(Image-text web data)
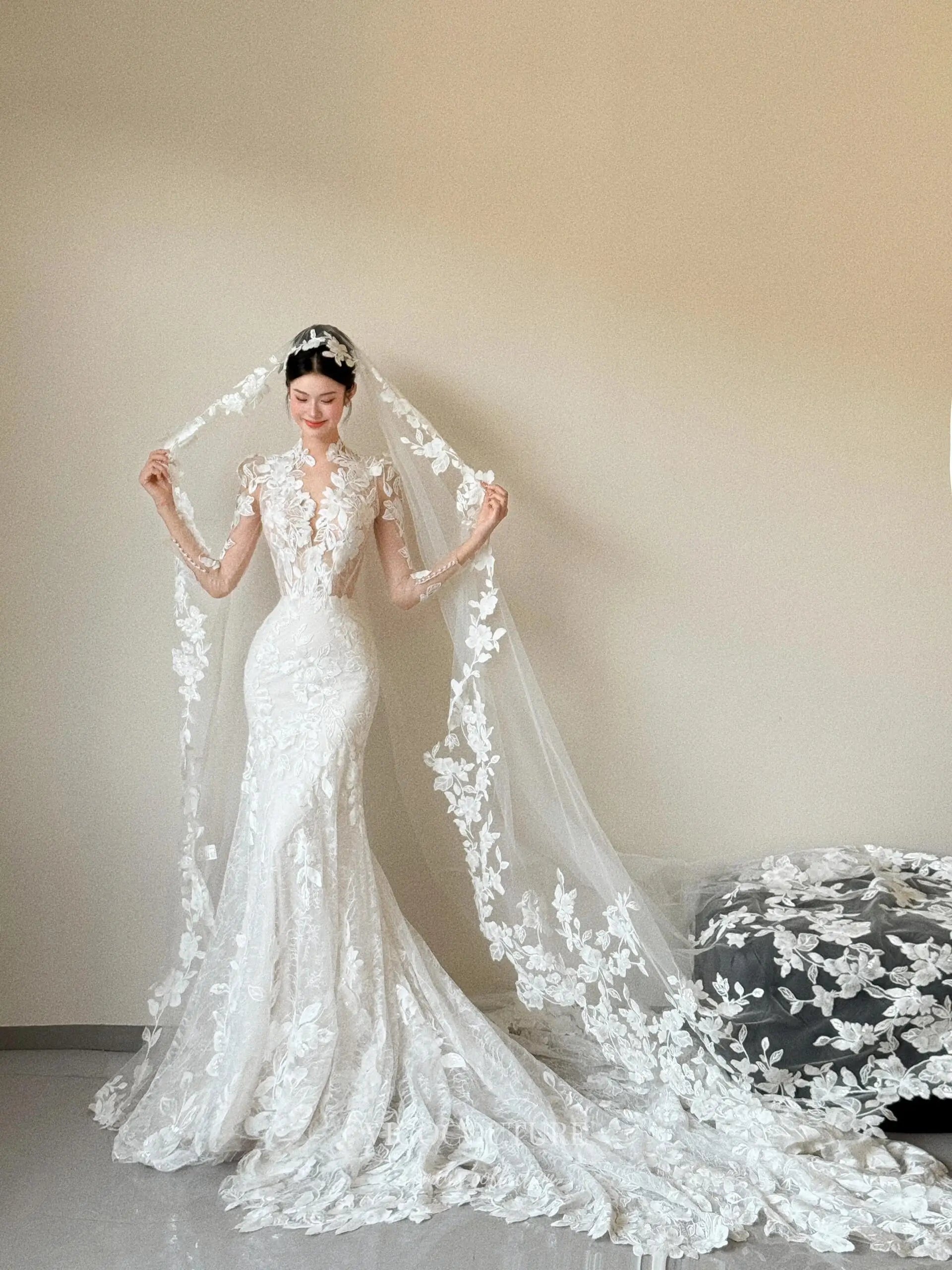 illusion lace mermaid wedding dress Elegant Illusion Sleeves Lace Mermaid Wedding Dress -
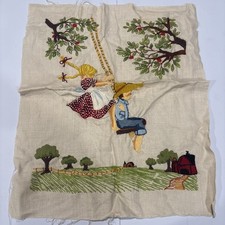 Vintage Crewel Embroidery Farmyard Kids In Swing Trees Landscape 22” X 19”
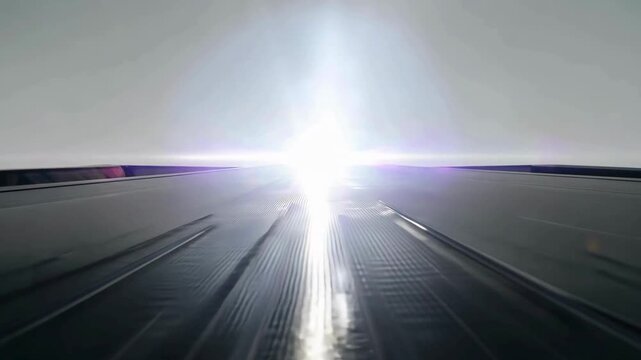 Futuristic high-speed camera movement over solar panels or tech surface towards bright light flare.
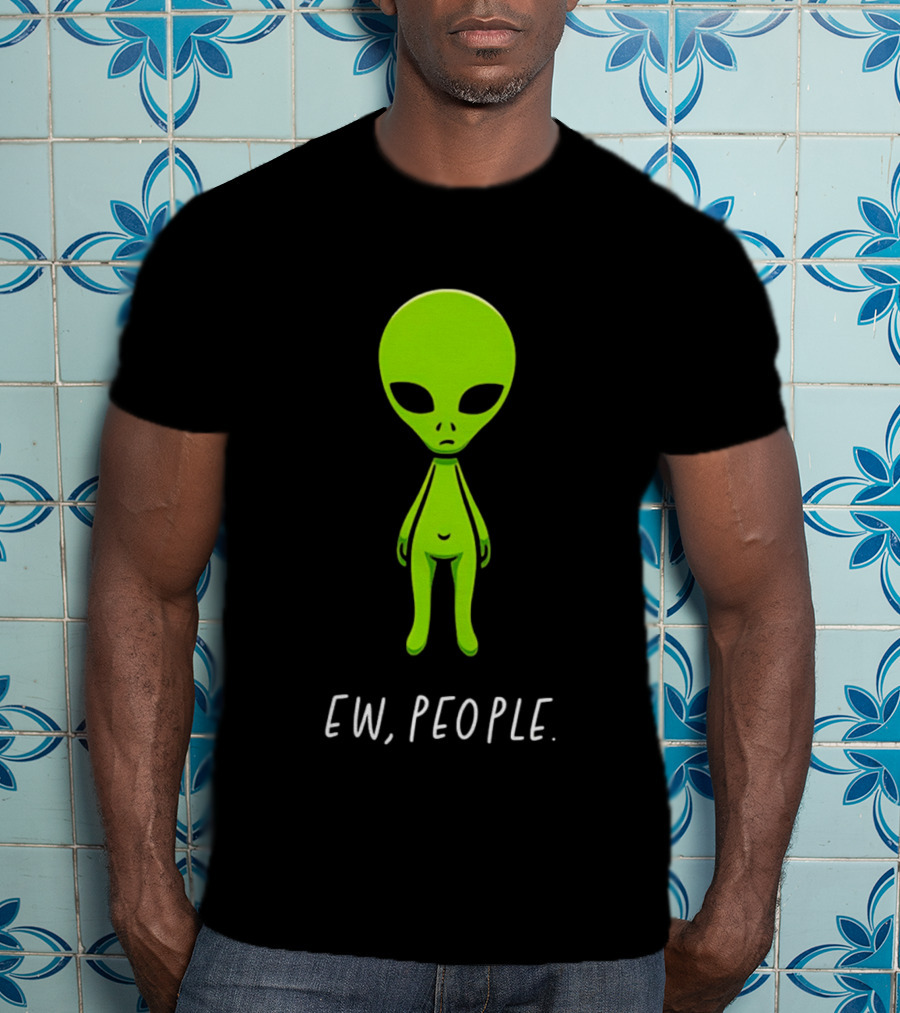 Ew People Green Alien Saucer Eyed T-Shirt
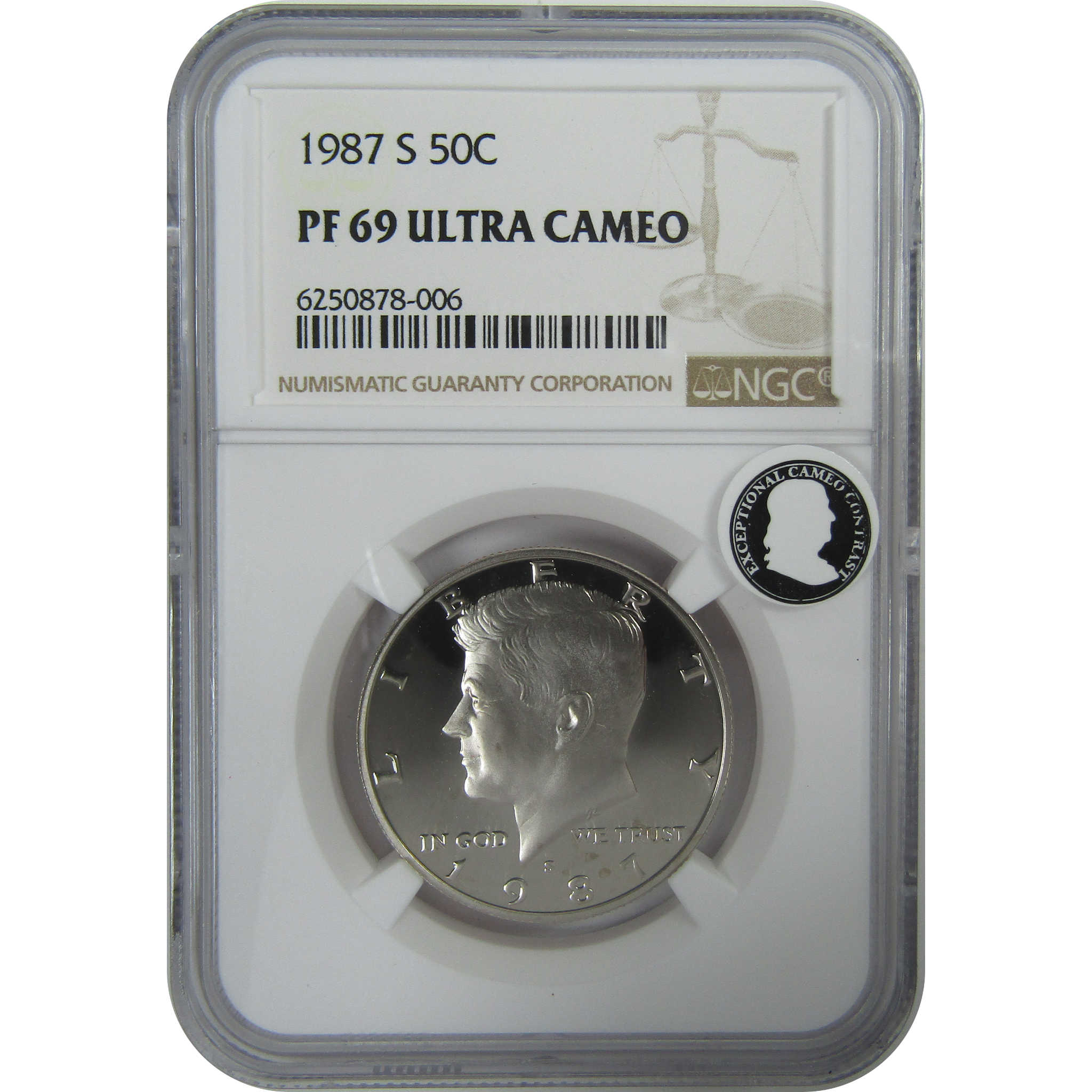 1987 S Kennedy Half Dollar PF 69 UCAM NGC Clad Proof 50c SKU:CPC9338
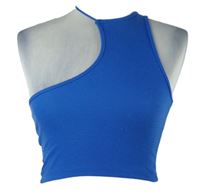 Dámský safírový žebrovaný asymetrický crop top Shein 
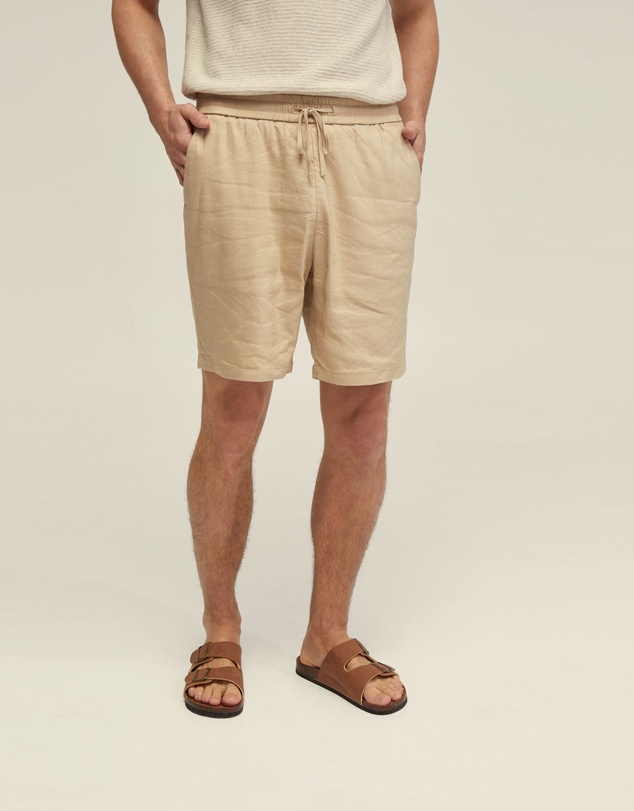 Oxford - Rufus Linen Pull On Shorts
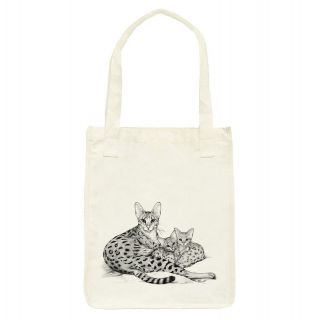 Savannah Cat and Kittens Art Tote   Organic Cotton Grocery Market Bag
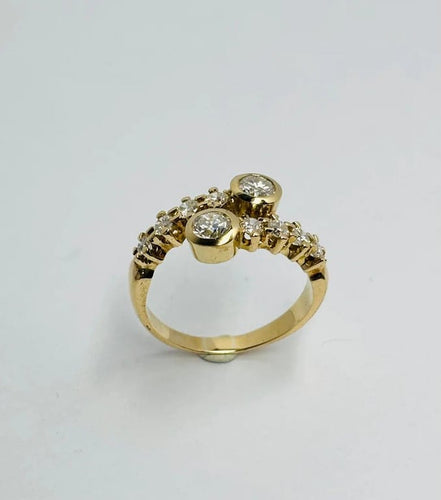 Bague 55.5 Bague à griffes en or jaune 18 carats et diamants 1,00 ct 58 Facettes Q386B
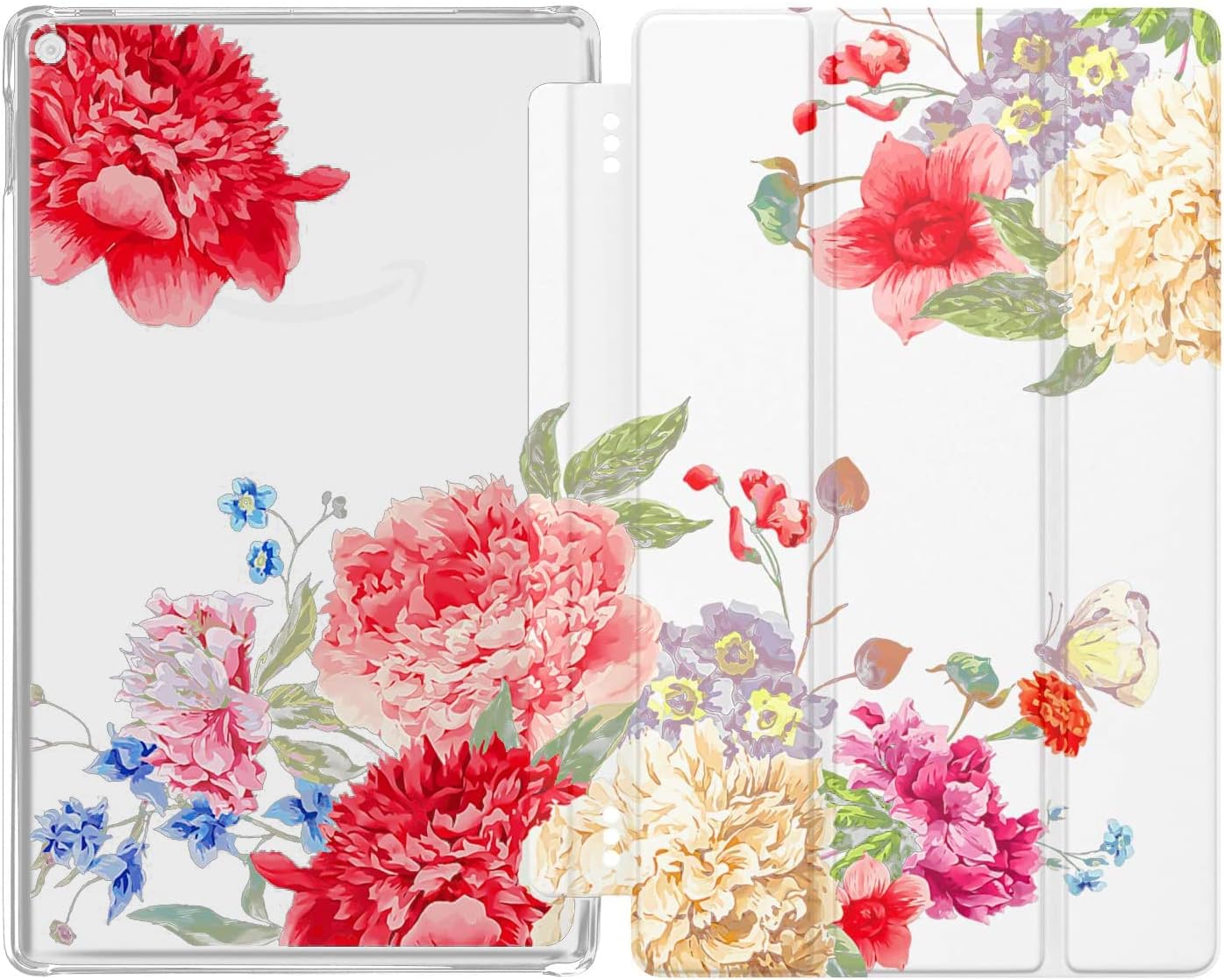 MoKo Case Fits All-New Fire HD 10 (7th Generation and 9th Generation, 2017 and 2019 Release), Smart Shell Stand Cover with Translucent Frosted Back for Fire HD 10.1 Inch - Flowers Blossom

▶ [Activity]: Exclude every picture, then return precisely the lines that run from the line containing "Savannah Cat and" through the end of the entries above.

▶ [Response box]:
 Savannah Cat and Kittens Art Tote   Organic Cotton Grocery Market Bag
 Bague 55.5 Bague à griffes en or jaune 18 carats et diamants 1,00 ct 58 Facettes Q386B
 MoKo Case Fits All-New Fire HD 10 (7th Generation and 9th Generation, 2017 and 2019 Release), Smart Shell Stand Cover with Translucent Frosted Back for Fire HD 10.1 Inch - Flowers Blossom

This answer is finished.